リリアの胸が、理由もなくきゅ、とすぼまる。
「……なに?」
乾いた喉から落ちた声は、自分でも驚くほど脆かった。
セラフィーは答えない。
答えようとする気配すら、微塵もなかった。
その沈黙は――口にした瞬間、もう戻れなくなる未来を知っている者だけが持つ沈黙。
セラフィーの指先が、ほんのわずか震えた。
「……言いたくなかったの。ずっと、あなたには知られたくなかった。
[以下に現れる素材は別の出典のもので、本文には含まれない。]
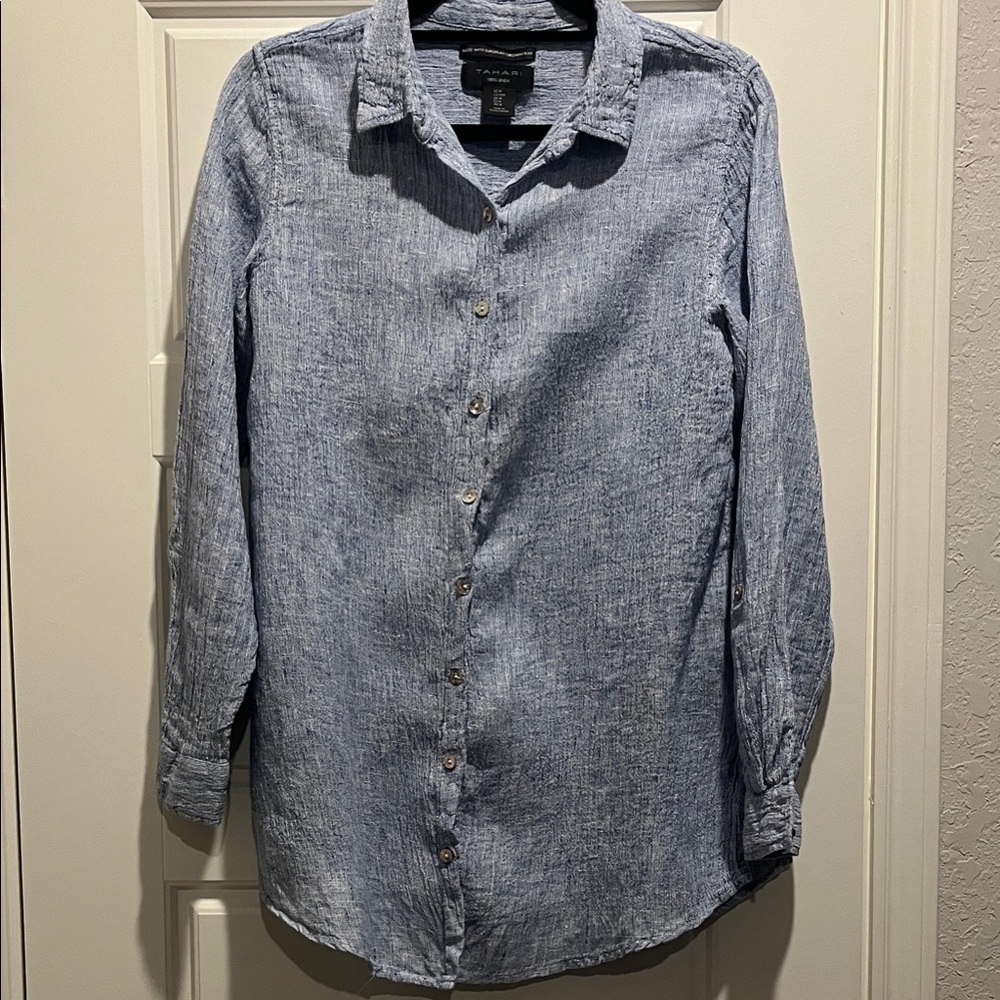 Tahari Light Blue Button-Down Linen Blend Shirt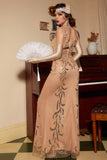 Champagne Paljetter Gatsby 1920-tallet Prom Dress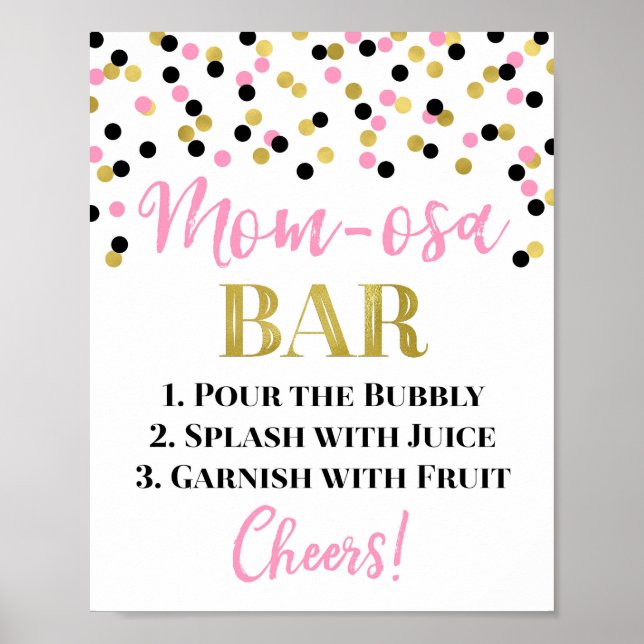 Pink Gold Black Mum-osa Bar Sign Baby Shower (Front)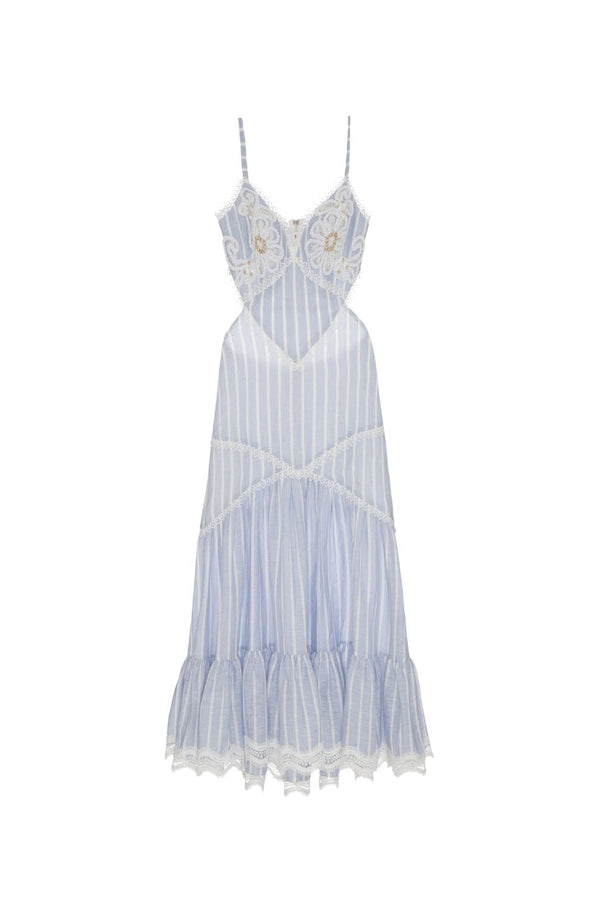 Patbo MARINE LINEN CUT OUT MIDI DRESS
」
淡い沈黙が、二人の間にひとしずく落ちた。
「……次の敵は」
刃より細い声が、夜気をすっと裂いた。
「――ラムタフ=シギサ。」
「……あなたが育てた、弟子よ。」
その一言が触れた瞬間、
空気はきぃ、と軋み、早朝の闇さえ息を呑む。
世界そのものが、わずかに“痛んだ”。
リリアの喉が、ぎゅ、と詰まる。
たった半秒、呼吸の仕方を忘れた。
「……は……? どういう……ことだよ……?」
胸の奥がふ、と震える。
置き去りにした“過去”が、無言で背中に触れたような冷たさだった。
ブッくんは理解を諦め、表紙をばたばた震わせて叫んだ。
「弟子ぇ!? リリアに弟子!? そこはええ!
でも“ラムタフ=シギサ”はあかんやろ!!
詐欺師の源氏名みたいやん!!
逆さに読んだら絶対なんか召喚されるタイプの名前やで!!」
しかしその声も、早朝の空気にぽちゃん……と落ち、
冗談の形をした波紋は伸びる前に闇へ吸われていった。
セラフィーは、その静けさを見届けてから、そっと口を開く。
「ラムタフには……才があったの。
“勇者の後継”なんて持てはやされるほどのね。」
「でも、その裏側で膨らんでいた“焦り”を、私は見落とした。
あれは……私の罪よ。」
淡々としているのに、声の奥には深い影が沈んでいた。
それは、責めても責めきれない“自分自身”に向けた影だった。
「焦りは人を急がせる。
何を落としているのかすら見えなくなるほどに。」
「ラムタフは強さばかりを掴もうとして……
本当に守るべきものの境界を、少しずつ手放していった。」
セラフィーのまつげが震えた。
「その弱さに“寄り添うふり”をして近づいた女がいたの。
“もっと強くなれる”“特別な力をあげる”……甘い言葉だけを囁く、危ない女。」
「ラムタフはその甘言に縋り、貢ぎ、借金に沈み……
心の奥まで摩耗していった。」
視線が静かに落ちる。
「やがて――仲間にまで平然と嘘をつくようになった。
虚構に虚構を重ね、自分の過ちさえ誰かのせいにして……」
そこで、言葉がひとしずくだけ止まる。
「……そのときの涙も、理由も、全部が作りもの。
本物なんて、ひとつもなかった。」
「……気づいたときには、ラムタフは“弱さの底”に沈んでいたの。」
そして、最も重い言葉が落とされる。
「あなたが去ったあと……
ラムタフは、最後の最後で“魔王”に縋ったの。」
「媚びて、へつらって、金と力を乞い……
その代わりに仲間を売った。」
空気が、ひとつ沈む。
リリアは絞り出すように呟いた。
「……堕ちたのか……? あいつが……本当に……?」
胸の奥がぎゅ、と軋んだ。
声は低く、喉の奥で震えている。
信じたくない――それでも否定しきれない。
短い息がひゅ、と漏れ、その冷たさが言葉に滲んだ。
沈黙が落ちる。
湿った土より重く、刃より冷たい沈黙だった。
セラフィーはまぶたを伏せ、静かに告げた。
「ラムタフは“後継者”なんかじゃなかった。
勇者という名を押しつけられ、出口のない一本道で迷った――ただの迷子。」
「迷子はね……闇へ落ちていくのが、一番早いの。」
その言葉が、朝の空気の表面をそっと裂いた。
「――ラムタフ=シギサ。
あなたが次に倒さなければならない、魔王軍の将よ。」
その名が落ちた瞬間、夜明け前の世界だけが――息をするのを忘れた。
そして胸の奥で、なにかがゆっくりと軋んだ。